Can anyone tell me if there Wrangler tranny dip stick locks in the top of the tube it goes in? Is it pressurized? Mine springs back up about 1/4 inch. And i always seem to be loosing fluid. Only about 3 shot glasses worth.....just enough to slip. As for brakes, is it a nightmare changing out the break lines?


----------



## greco (Oct 22, 2005)

My transmission dip stick springs back up also. I have a 98 tj . I dont think I have ever lost any oil from it.....but as we speak my tj is in the shop getting transmission work done on it to the tune of $900. I also have a sno-way plow for it. I was wondering if your plow sits far from the front. My plow hitch seems to stick out farther then the front bumper...I like the plow...just not real happy the way the plow sits on the jeep. The myers seem to sit closer to the front. I have the 6'8"st22 with down pressure.


----------



## theplowmeister (Nov 14, 2006)

If you are developing pressure to blow out your tranny dip stick check your tranny vent line and make sure its open.


----------



## misanthrope (Nov 3, 2003)

greco;440913 said:


> My transmission dip stick springs back up also. I have a 98 tj . I dont think I have ever lost any oil from it.....but as we speak my tj is in the shop getting transmission work done on it to the tune of $900. I also have a sno-way plow for it. I was wondering if your plow sits far from the front.

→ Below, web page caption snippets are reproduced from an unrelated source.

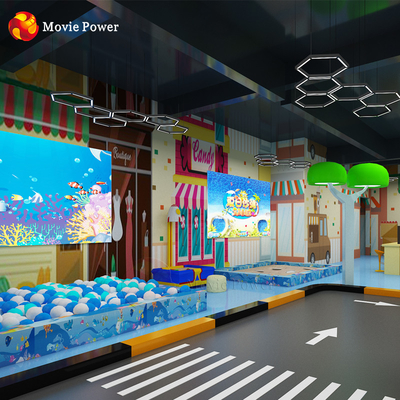 Eğlence VR Tema Parkı Etkileşimli Sinema Oyun Salonu Makineleri Sanal Gerçeklik Simülatörü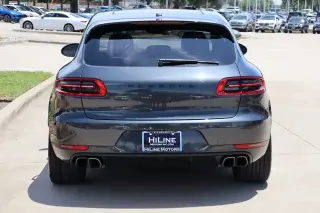 2017 Porsche Macan Turbo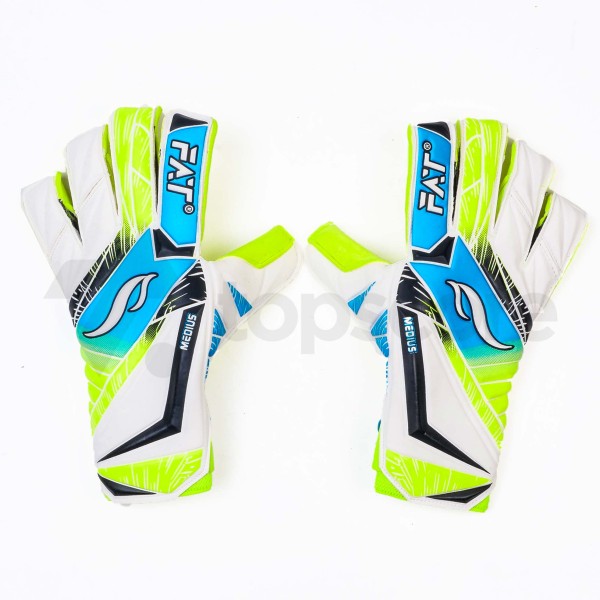 FAT VENOM MEDIUS T CUT WHITE CYAN LIME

My plow hitch seems to stick out farther then the front bumper...I like the plow...just not real happy the way the plow sits on the jeep. The myers seem to sit closer to the front. I have the 6'8"st22 with down pressure.

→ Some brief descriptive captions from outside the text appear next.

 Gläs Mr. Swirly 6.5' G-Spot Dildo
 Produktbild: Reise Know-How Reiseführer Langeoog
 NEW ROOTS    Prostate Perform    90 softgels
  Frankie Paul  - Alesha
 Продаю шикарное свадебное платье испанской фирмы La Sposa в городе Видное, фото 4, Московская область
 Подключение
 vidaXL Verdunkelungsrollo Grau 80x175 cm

I'll have to look, I mounted the sub frame myself since this plow was on a Nissan before the jeep. I think the sub sits about 2-3in out from the bottom of the front bumper.
What work are you having done? I think my torque converter is on its way out. It's stalls in stop and go at traffic lights and some slippage. seems to slip when the fluid drops a little. This problem has been driving me nuts but i don't trust transmission shops. I finally might have a good mech that a friend is friends with so i might not get robbed.


----------



## misanthrope (Nov 3, 2003)

theplowmeister;440927 said:


> If you are developing pressure to blow out your tranny dip stick check your tranny vent line and make sure its open.


I'll check....good idea thx


----------